--- The task ---
What you should output is the data below, unchanged in every character.

__________________________________________________

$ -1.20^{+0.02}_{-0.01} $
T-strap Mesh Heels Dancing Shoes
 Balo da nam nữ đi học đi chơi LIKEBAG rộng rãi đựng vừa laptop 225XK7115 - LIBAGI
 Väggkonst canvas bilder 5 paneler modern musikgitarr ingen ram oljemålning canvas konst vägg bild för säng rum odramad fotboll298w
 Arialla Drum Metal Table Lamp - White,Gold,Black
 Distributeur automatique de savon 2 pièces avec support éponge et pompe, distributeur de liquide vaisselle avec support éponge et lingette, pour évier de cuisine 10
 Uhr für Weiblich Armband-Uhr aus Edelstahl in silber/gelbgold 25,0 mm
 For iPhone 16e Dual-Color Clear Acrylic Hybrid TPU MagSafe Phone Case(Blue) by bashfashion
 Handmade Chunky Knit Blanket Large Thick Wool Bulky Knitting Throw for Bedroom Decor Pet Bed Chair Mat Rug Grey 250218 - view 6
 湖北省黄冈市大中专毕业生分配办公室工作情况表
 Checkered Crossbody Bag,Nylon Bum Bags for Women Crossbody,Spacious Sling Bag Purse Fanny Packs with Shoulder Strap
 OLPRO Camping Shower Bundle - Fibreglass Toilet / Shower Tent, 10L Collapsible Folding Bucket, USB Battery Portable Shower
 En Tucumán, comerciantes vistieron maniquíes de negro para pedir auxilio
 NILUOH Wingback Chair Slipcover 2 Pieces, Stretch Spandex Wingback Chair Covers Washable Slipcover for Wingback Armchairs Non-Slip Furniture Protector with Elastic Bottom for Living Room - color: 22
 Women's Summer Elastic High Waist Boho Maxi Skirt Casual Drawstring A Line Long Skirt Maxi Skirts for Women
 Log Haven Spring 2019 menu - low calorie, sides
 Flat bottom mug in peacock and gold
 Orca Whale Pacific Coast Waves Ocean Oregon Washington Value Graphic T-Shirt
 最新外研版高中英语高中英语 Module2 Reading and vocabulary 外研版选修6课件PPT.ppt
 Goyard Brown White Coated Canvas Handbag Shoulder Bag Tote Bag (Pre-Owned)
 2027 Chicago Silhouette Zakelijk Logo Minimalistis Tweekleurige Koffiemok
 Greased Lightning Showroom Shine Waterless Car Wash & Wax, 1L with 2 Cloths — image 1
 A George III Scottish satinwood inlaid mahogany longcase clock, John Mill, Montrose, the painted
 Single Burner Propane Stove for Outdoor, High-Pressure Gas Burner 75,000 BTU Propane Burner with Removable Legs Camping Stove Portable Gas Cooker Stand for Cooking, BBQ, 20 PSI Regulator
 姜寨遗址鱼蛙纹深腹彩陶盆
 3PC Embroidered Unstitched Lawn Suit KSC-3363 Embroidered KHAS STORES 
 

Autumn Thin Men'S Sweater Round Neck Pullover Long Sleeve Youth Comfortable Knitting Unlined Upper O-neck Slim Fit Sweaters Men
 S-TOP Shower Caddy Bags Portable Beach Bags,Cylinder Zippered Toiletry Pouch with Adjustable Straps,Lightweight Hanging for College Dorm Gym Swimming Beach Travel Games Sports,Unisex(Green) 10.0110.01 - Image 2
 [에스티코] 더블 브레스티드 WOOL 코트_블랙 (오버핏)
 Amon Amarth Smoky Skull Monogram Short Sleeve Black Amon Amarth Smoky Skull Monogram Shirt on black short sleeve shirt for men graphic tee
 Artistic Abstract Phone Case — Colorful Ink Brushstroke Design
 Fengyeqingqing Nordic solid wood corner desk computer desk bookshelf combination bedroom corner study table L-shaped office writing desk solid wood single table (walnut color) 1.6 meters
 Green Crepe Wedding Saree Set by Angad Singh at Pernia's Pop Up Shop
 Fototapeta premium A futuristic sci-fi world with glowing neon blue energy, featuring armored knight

__________________________________________________

--- Response area ---
$ -1.20^{+0.02}_{-0.01} $
T-strap Mesh Heels Dancing Shoes
 Balo da nam nữ đi học đi chơi LIKEBAG rộng rãi đựng vừa laptop 225XK7115 - LIBAGI
 Väggkonst canvas bilder 5 paneler modern musikgitarr ingen ram oljemålning canvas konst vägg bild för säng rum odramad fotboll298w
 Arialla Drum Metal Table Lamp - White,Gold,Black
 Distributeur automatique de savon 2 pièces avec support éponge et pompe, distributeur de liquide vaisselle avec support éponge et lingette, pour évier de cuisine 10
 Uhr für Weiblich Armband-Uhr aus Edelstahl in silber/gelbgold 25,0 mm
 For iPhone 16e Dual-Color Clear Acrylic Hybrid TPU MagSafe Phone Case(Blue) by bashfashion
 Handmade Chunky Knit Blanket Large Thick Wool Bulky Knitting Throw for Bedroom Decor Pet Bed Chair Mat Rug Grey 250218 - view 6
 湖北省黄冈市大中专毕业生分配办公室工作情况表
 Checkered Crossbody Bag,Nylon Bum Bags for Women Crossbody,Spacious Sling Bag Purse Fanny Packs with Shoulder Strap
 OLPRO Camping Shower Bundle - Fibreglass Toilet / Shower Tent, 10L Collapsible Folding Bucket, USB Battery Portable Shower
 En Tucumán, comerciantes vistieron maniquíes de negro para pedir auxilio
 NILUOH Wingback Chair Slipcover 2 Pieces, Stretch Spandex Wingback Chair Covers Washable Slipcover for Wingback Armchairs Non-Slip Furniture Protector with Elastic Bottom for Living Room - color: 22
 Women's Summer Elastic High Waist Boho Maxi Skirt Casual Drawstring A Line Long Skirt Maxi Skirts for Women
 Log Haven Spring 2019 menu - low calorie, sides
 Flat bottom mug in peacock and gold
 Orca Whale Pacific Coast Waves Ocean Oregon Washington Value Graphic T-Shirt
 最新外研版高中英语高中英语 Module2 Reading and vocabulary 外研版选修6课件PPT.ppt
 Goyard Brown White Coated Canvas Handbag Shoulder Bag Tote Bag (Pre-Owned)
 2027 Chicago Silhouette Zakelijk Logo Minimalistis Tweekleurige Koffiemok
 Greased Lightning Showroom Shine Waterless Car Wash & Wax, 1L with 2 Cloths — image 1
 A George III Scottish satinwood inlaid mahogany longcase clock, John Mill, Montrose, the painted
 Single Burner Propane Stove for Outdoor, High-Pressure Gas Burner 75,000 BTU Propane Burner with Removable Legs Camping Stove Portable Gas Cooker Stand for Cooking, BBQ, 20 PSI Regulator
 姜寨遗址鱼蛙纹深腹彩陶盆
 3PC Embroidered Unstitched Lawn Suit KSC-3363 Embroidered KHAS STORES 
 

Autumn Thin Men'S Sweater Round Neck Pullover Long Sleeve Youth Comfortable Knitting Unlined Upper O-neck Slim Fit Sweaters Men
 S-TOP Shower Caddy Bags Portable Beach Bags,Cylinder Zippered Toiletry Pouch with Adjustable Straps,Lightweight Hanging for College Dorm Gym Swimming Beach Travel Games Sports,Unisex(Green) 10.0110.01 - Image 2
 [에스티코] 더블 브레스티드 WOOL 코트_블랙 (오버핏)
 Amon Amarth Smoky Skull Monogram Short Sleeve Black Amon Amarth Smoky Skull Monogram Shirt on black short sleeve shirt for men graphic tee
 Artistic Abstract Phone Case — Colorful Ink Brushstroke Design
 Fengyeqingqing Nordic solid wood corner desk computer desk bookshelf combination bedroom corner study table L-shaped office writing desk solid wood single table (walnut color) 1.6 meters
 Green Crepe Wedding Saree Set by Angad Singh at Pernia's Pop Up Shop
 Fototapeta premium A futuristic sci-fi world with glowing neon blue energy, featuring armored knight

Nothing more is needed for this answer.